Inspectors found a calf with a broken leg and another lame animal and issued warnings to farm managers, stock agents and truck drivers.
In both cases the level of offending was serious enough to result in charges being laid, but for now the SPCA is giving the sector a short period of leniency during an awareness programme to ensure minimum standards are set.
Inspectors visited saleyards at Canterbury Agricultural Park and at Coalgate, and plan to carry out more inspections.
SPCA Canterbury manager Barry Helem said the society had begun the saleyards programme to be more proactive in educating farmers, stock agents and truck drivers about animal welfare.
He said the visits had been well-received by farmers and livestock were found to be in good condition with the exception of the two injured animals.
SPCA was particularly looking at the transport of animals to ensure there were no breaches of the Animal Welfare Act, he said.
"They were clear breaches but, given its early days in the programme, we want to give farmers and agents time to put systems in place. That leniency won't last forever and at some time we will have to enforce the act if there are further breaches."
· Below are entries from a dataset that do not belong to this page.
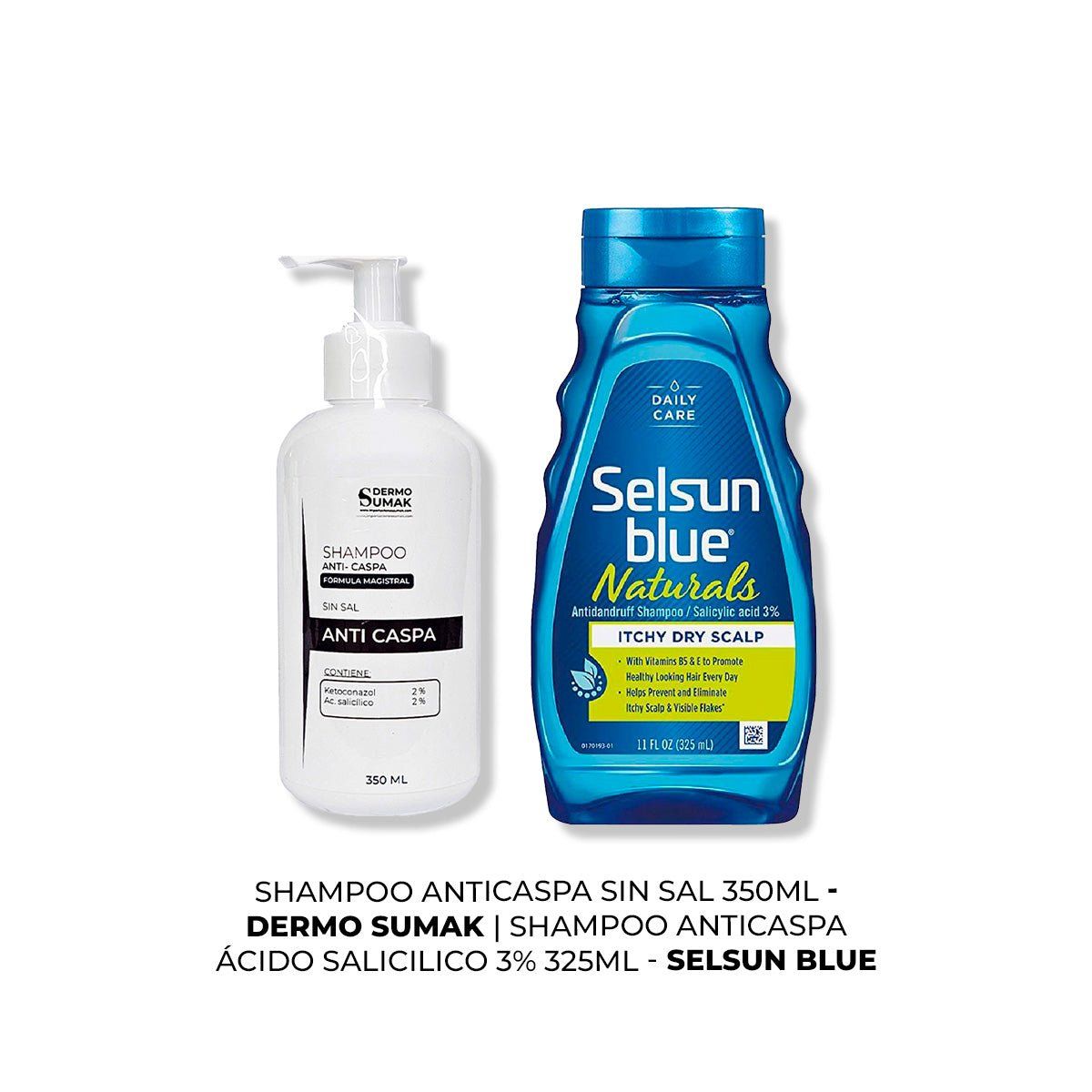 IMPORTADO MC - SHAMPOO ANTICASPA SIN SAL 350ML + SHAMPOO ANTICASPA A SALICILICO 3%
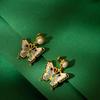 Three-Dimensional Enamel Pearl Flower & Butterfly Earrings, Court Style, Insect Series, 925 Silver Studs for Women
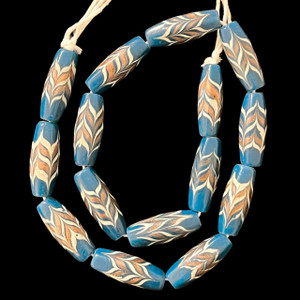Indonesian Java Glass, Feather, Faceted, Blue, 30x11mm, 16in Strand
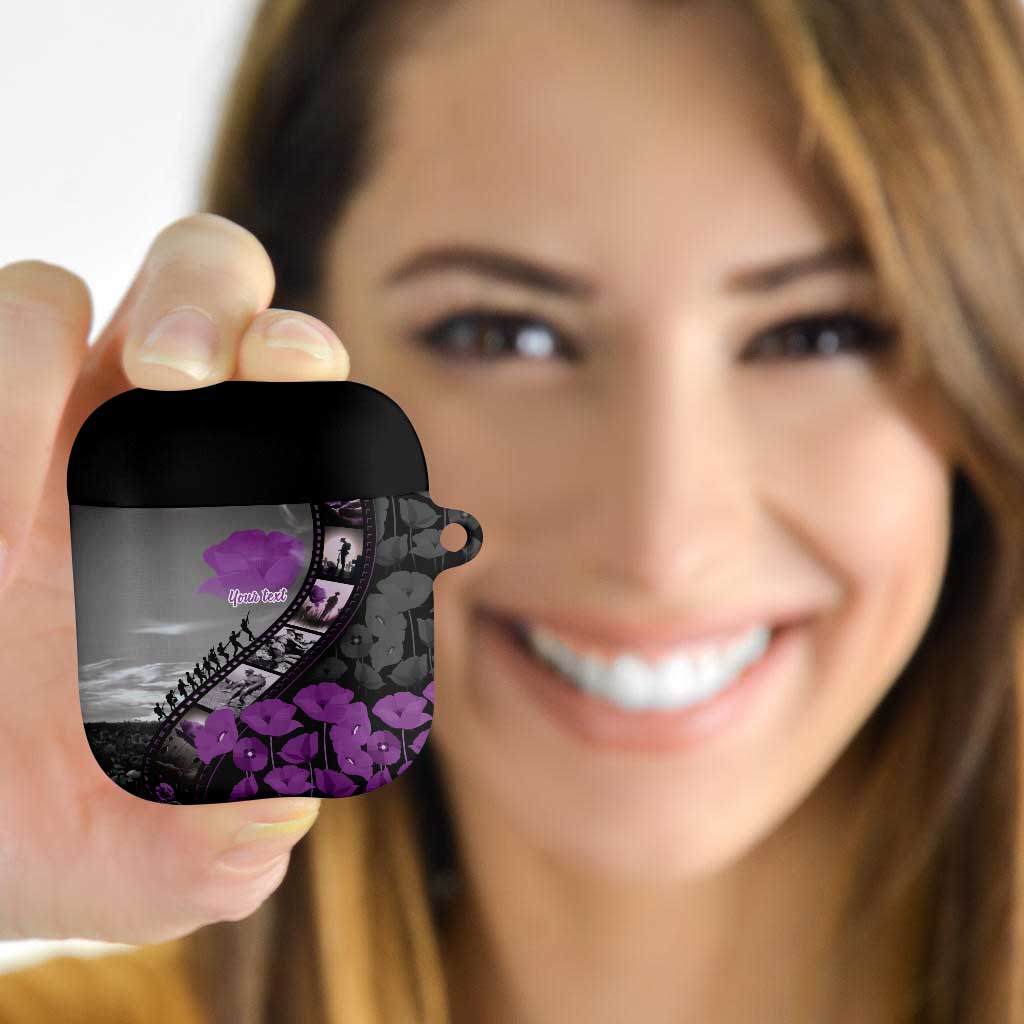 Personalised Remembering ANZAC Lest We Forget AirPods Case Vintage Film Frame Memorial Purple Poppy
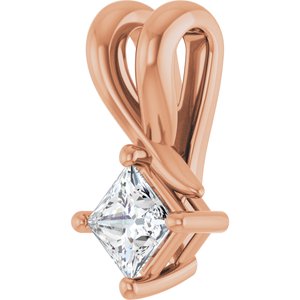 18K Rose Gold 3.25 mm Square Pendant Mounting – image 3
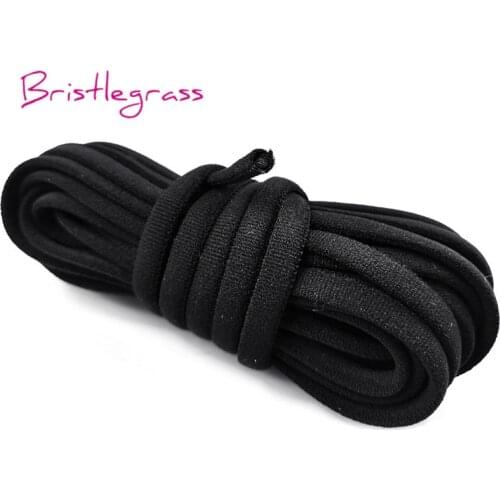 BRISTLEGRASS 5 Yard 5mm Solid Nylon Round Elastic Cord Rope Spandex Band Headband Shoelace Lace Trim Tutu Dress DIY Sewing Craft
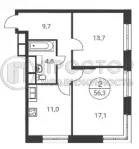 2-комнатная квартира, 56.3 м² - фото 27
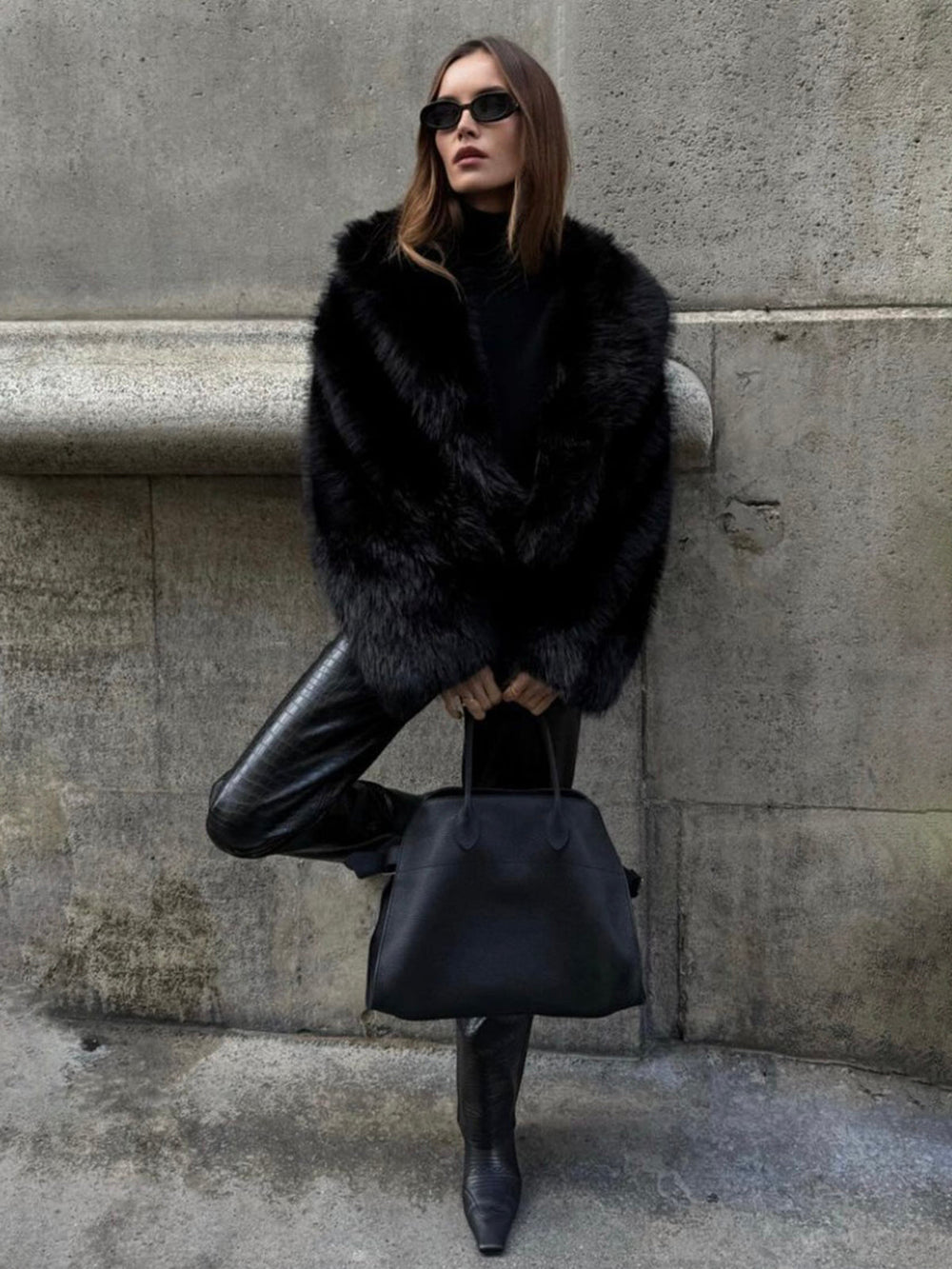 Eco Fur Cropped Jacket For Women Casual Elegant Warm-MODAUTLET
Animal welfare manager Geoff Sutton, said animals arriving unfit at saleyards could not be sold or transported away and this would result in a bigger problem and additional pain and distress for the animal.
The society deals with about 50 animal welfare complaints a month.
In the past most of them have been centred on urban companion animals, chiefly dogs and cats, but lately there has been an increasing trend of more investigations in the rural sector.
Helem said this change could be a result of more people reporting animals in distress as they drove past farm gates and the society was there to protect all animals, not just dogs and cats.
He said most farmers looked after their animals because they enjoyed working with them and it was commercially advantageous for them to be in good condition.
The SPCA found breaches were often more common in livestock blocks and properties occupied during weekends than commercial farms.
Helem said SPCA would be visiting more livestock sales.
"When we know there are sales happening we will endeavour to get there . . . We are there for the animals and the more we can do to alleviate any suffering is good for them."